We’re back on Main Street in Catskill, where all the cool kids are. Only this time we’re eating tacos with our hands and slurping house-made ramen noodles at a communal table in the long, skinny, pastel-hued Mermaid Cafe. It’s a second business for Michelle Williams, operator of Bittersweet, an ice cream shop in an even smaller space next door. Currently closed for the season, cafe staff still serves Jane’s Ice Cream but nips through an adjoining door for every scoop.

Mermaid Cafe is not just for the roving foodies attracted by the first pho in town. A menu of ramen and achingly creative “special” tacos, plus all-day, every-day hours, has broad appeal. There’s the Swipe Right (for all you Tinder fans) loaded with sage-anise pork butt, red-cabbage slaw and Mean Greene Hot Sauce, or Cupid’s Arrow, which marries curried chicken and Hawaiian Punch hot sauce, and we take a collective shine to the Bruncher, packing smoked salmon, avocado and hard-boiled eggs in the platonic ideal of a breakfast taco.
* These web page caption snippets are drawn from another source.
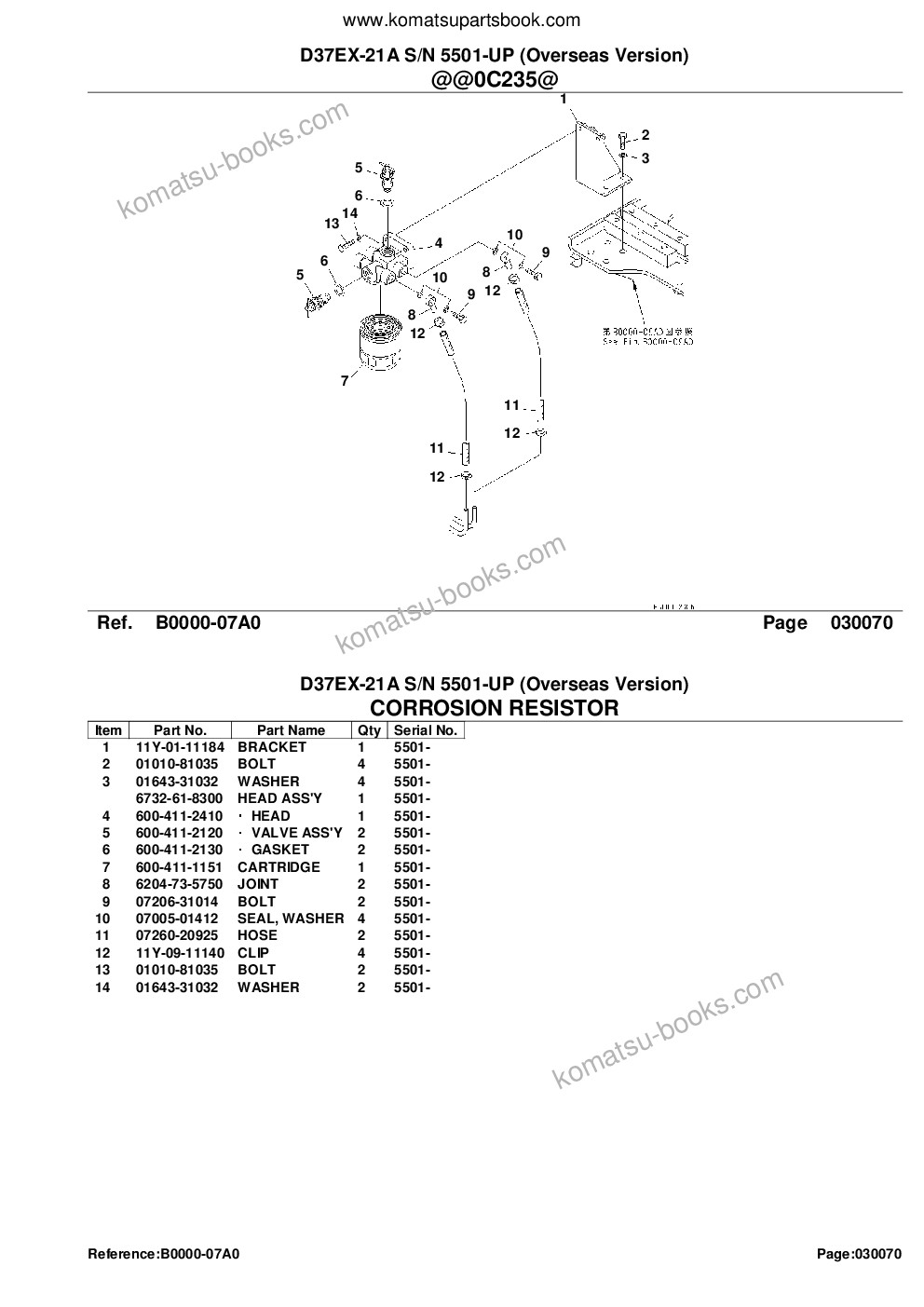 Komatsu d37ex-21a s/n 5501-up overseas version Parts catalog cover Page 9
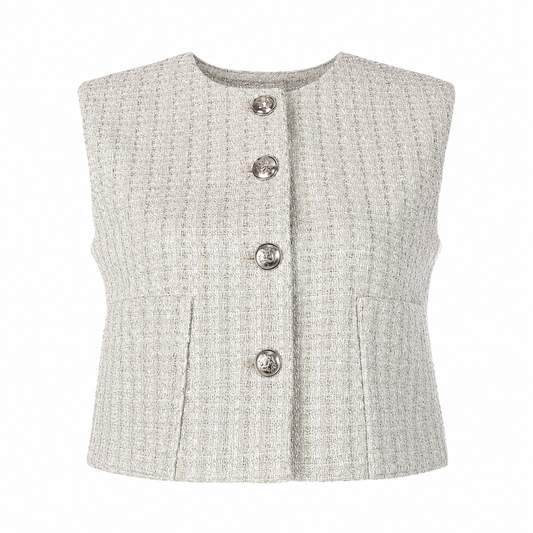 Cropped waistcoat with silver buttons 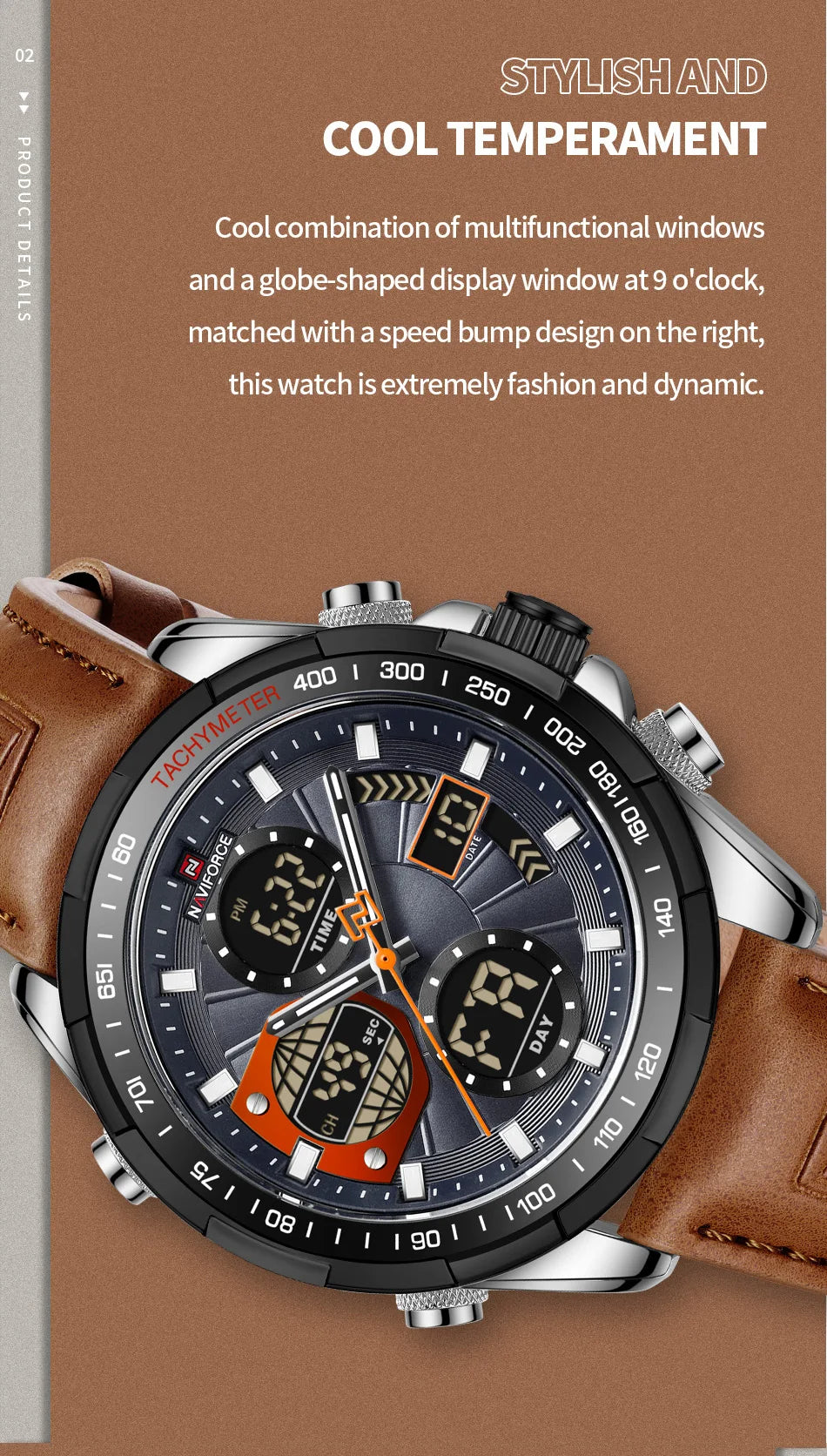 NAVIFORCE Military Watches for Men Luxury Sport Chronograph Alarm WristWatch Waterproof Quartz Big Clock Digital Male Watch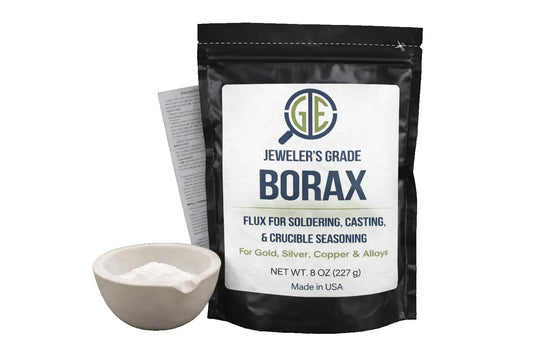 Jeweler’s Grade Borax Flux 8 oz + Ceramic Crucible Gold Silver Glaze Casting Kit GTE
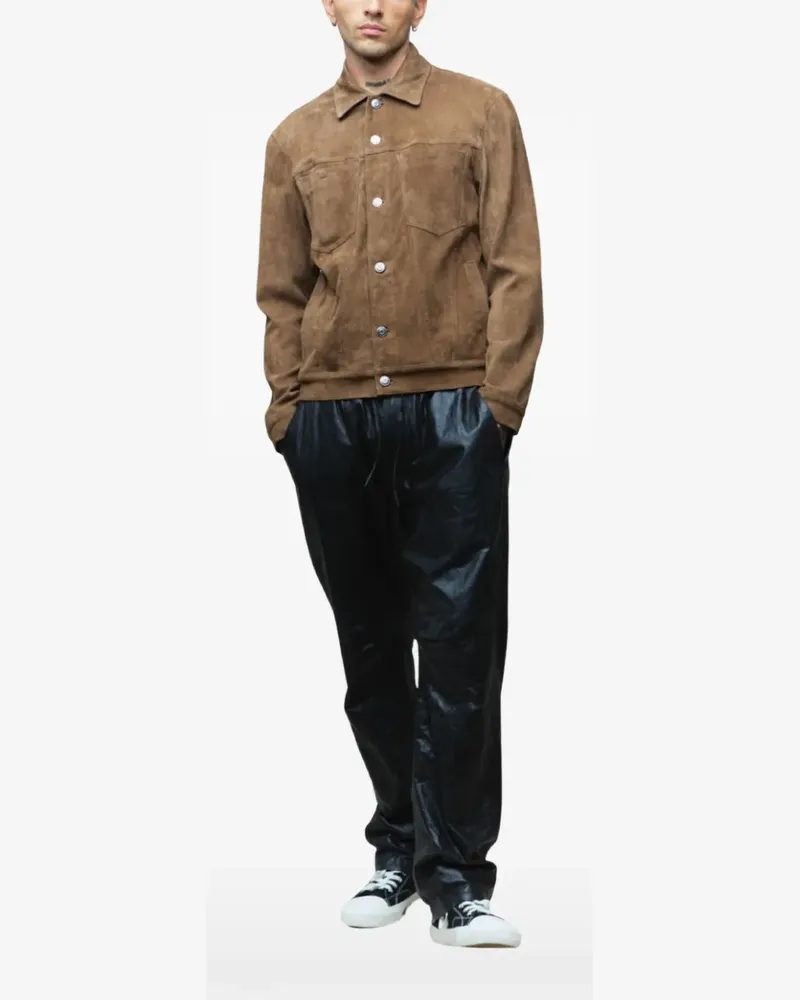 Giorgio Brato button-up suede jacket - Braun Braun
We recognize a bartender from HiLo across the street and a store owner grabbing ramen to go. Families cramming a long table deploy the cafe’s crayons and coloring books to appease fidgety children. Williams, the mother of a young daughter, evidently knows what‘s up. And a station of self-pour ginger-turmeric-chrysanthemum tea — one cup free with each dine-in order — goes a long way to stifle hunger pangs as we wait, and stainless-steel cups keep it piping hot. If it’s coffee you’re after, buy it by the brewed cup or by the bean from local roasters CampNow and Roughhouse. Soon enough you’ll be able to enjoy local craft beer, and a brief wine list curated by Solo Vino, the natural-wine shop next door.

Mermaid is the given name that Williams just couldn’t shake, even as she searched for something cooler. It fits. Recurring sea-maiden motifs underscore the eco-friendly philosophy powering daily operations: Everything, from the metal cups, chopsticks and tiffin bowls, to compostable napkins and cardboard to-go containers, keeps plastic out of the ocean. In seafoam green and pale sun yellow, the cafe is part arts, part crafts, a manifestation of a dream and a vibe reinforced by Joni Mitchell album covers decoupaged to barstool seats, rippled lampshades that double as wannabe coral or anemone, and a bejeweled mermaid diorama by artist Rodney Alan Greenblat installed in a nook vacated by a soda machine. Despite its diminutive dimensions, the Mermaid’s staff handles near-constant traffic from their vantage in an elevated open kitchen at one end. It acts as a control center, theater and stage.

The communal table is ideal for a shared spread: To the special tacos, we add five standard tacos in crisp corn and soft flour tortillas — beef lit with cumin, mild yellow curry chicken, shredded sage pork and battered tilapia — each fold piled with queso fresca, sliced spinach and herb greens, and the paper-lined tray scattered in lime wedges. Only the stewy roasted root vegetable confuses us with its uncalibrated bittersweet cinnamon. But we’re rejoicing in the taco mix-and-match, freed from the typical restriction of one filling per order elsewhere. Pick any three for a tenner and change, and you’re rewarded with complimentary house salsa and tortilla chips still warm from the fryer.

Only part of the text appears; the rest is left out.